Factors affecting the kinetics of DNA reassociation in phenol–water emulsion at high DNA concentrations

DNA reassociation kinetics using the phenol emulsion reassociation technique (PERT) [Kohne, D. E., Levison, S. A. & Byers, M. J. (1977) Biochemistry 16 , 5329–5341] has been investigated at high DNA concentrations using an endonuclease S1 assay of reaction progress. Apparent second‐order rate constants fall on two intersecting straight lines when presented as a function of DNA concentrations on a log–log plot. In the low DNA concentration range, the rate constants drop about 10‐fold when concentration increases 1000‐fold. In the high DNA concentration range, the rate constants drop more than 10‐fold when concentration increases 10‐fold. The slopes of these lines are the same in different solvents and at different temperatures.
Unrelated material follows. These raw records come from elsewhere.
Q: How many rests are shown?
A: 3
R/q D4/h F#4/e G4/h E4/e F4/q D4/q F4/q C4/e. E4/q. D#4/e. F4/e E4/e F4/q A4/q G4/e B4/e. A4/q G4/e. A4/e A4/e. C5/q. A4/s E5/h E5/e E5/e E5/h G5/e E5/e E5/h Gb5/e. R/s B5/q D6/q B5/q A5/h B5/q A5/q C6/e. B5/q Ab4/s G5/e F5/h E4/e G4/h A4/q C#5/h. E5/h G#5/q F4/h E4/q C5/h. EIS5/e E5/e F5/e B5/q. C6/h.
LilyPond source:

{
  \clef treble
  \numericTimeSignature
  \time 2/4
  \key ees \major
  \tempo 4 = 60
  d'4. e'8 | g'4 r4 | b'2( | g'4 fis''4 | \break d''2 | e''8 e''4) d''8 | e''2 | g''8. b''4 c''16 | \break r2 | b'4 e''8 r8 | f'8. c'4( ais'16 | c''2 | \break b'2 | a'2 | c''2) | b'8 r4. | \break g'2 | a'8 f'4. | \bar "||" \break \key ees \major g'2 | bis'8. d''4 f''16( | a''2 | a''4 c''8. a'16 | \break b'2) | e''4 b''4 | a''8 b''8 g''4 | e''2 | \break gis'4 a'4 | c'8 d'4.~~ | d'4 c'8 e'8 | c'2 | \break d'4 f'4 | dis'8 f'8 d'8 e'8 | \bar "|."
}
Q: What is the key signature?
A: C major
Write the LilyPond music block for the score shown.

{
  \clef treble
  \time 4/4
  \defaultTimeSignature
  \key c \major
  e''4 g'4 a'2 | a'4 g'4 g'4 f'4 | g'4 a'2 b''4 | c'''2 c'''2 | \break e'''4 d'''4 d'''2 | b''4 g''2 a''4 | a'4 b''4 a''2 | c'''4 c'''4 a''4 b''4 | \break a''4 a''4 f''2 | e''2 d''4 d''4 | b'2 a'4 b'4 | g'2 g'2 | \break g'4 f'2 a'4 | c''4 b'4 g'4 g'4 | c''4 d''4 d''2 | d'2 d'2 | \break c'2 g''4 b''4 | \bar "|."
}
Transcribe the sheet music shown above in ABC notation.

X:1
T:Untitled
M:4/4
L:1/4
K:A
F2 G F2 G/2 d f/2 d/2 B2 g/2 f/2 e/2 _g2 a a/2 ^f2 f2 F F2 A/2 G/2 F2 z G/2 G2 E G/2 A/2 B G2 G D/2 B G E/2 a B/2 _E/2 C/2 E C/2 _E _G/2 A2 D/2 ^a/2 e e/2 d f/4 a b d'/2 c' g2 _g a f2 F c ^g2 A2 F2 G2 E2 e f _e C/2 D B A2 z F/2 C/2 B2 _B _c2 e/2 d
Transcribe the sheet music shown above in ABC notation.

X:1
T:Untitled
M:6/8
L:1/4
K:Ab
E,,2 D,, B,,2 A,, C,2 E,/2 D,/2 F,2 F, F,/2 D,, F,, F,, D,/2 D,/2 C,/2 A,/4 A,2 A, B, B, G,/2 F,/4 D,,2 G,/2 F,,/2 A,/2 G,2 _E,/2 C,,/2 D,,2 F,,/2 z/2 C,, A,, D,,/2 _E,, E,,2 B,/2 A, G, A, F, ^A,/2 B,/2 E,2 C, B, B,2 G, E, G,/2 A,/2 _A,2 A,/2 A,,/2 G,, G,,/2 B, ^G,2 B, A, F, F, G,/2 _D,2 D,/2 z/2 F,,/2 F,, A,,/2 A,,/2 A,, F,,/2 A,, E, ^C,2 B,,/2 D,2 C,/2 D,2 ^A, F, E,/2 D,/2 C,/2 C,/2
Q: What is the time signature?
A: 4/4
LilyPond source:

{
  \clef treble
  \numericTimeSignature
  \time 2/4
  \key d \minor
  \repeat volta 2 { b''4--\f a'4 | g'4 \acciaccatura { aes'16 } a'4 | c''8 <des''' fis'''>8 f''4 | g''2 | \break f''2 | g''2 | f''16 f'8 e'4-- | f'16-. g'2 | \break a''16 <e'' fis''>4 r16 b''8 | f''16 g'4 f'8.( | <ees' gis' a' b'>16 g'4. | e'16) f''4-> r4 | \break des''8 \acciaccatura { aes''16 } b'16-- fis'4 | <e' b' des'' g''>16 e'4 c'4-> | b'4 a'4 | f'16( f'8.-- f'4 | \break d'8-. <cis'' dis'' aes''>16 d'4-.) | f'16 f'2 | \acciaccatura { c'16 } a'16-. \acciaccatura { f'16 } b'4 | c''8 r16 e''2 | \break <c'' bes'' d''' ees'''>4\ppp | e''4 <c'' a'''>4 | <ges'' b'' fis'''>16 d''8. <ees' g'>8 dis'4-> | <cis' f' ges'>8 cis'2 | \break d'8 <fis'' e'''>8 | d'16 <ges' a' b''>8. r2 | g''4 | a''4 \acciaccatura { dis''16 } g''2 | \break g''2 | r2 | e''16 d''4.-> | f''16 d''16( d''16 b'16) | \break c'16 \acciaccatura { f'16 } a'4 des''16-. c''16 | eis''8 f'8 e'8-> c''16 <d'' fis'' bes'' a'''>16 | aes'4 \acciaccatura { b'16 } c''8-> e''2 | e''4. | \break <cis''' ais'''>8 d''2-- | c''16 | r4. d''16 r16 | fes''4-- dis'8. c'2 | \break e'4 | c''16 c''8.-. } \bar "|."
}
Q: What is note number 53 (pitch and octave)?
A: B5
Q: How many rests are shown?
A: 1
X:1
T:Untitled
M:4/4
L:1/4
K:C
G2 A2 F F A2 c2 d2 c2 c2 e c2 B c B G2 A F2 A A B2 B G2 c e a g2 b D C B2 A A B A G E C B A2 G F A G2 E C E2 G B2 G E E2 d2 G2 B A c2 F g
The intersection between the lines occurs when the available catalytic surface is saturated. At high DNA concentrations, high‐complexity heterologous denatured DNA apparently competes 2–4 times better for the surface than homologous DNA because it does not participate in a reassociation reaction. Native and partially native DNA molecules cannot compete with single‐stranded DNA for a saturated surface. At high DNA concentrations, reactions using PERT become dependent on the single‐strand DNA length. Increasing length lowers reassociation rates.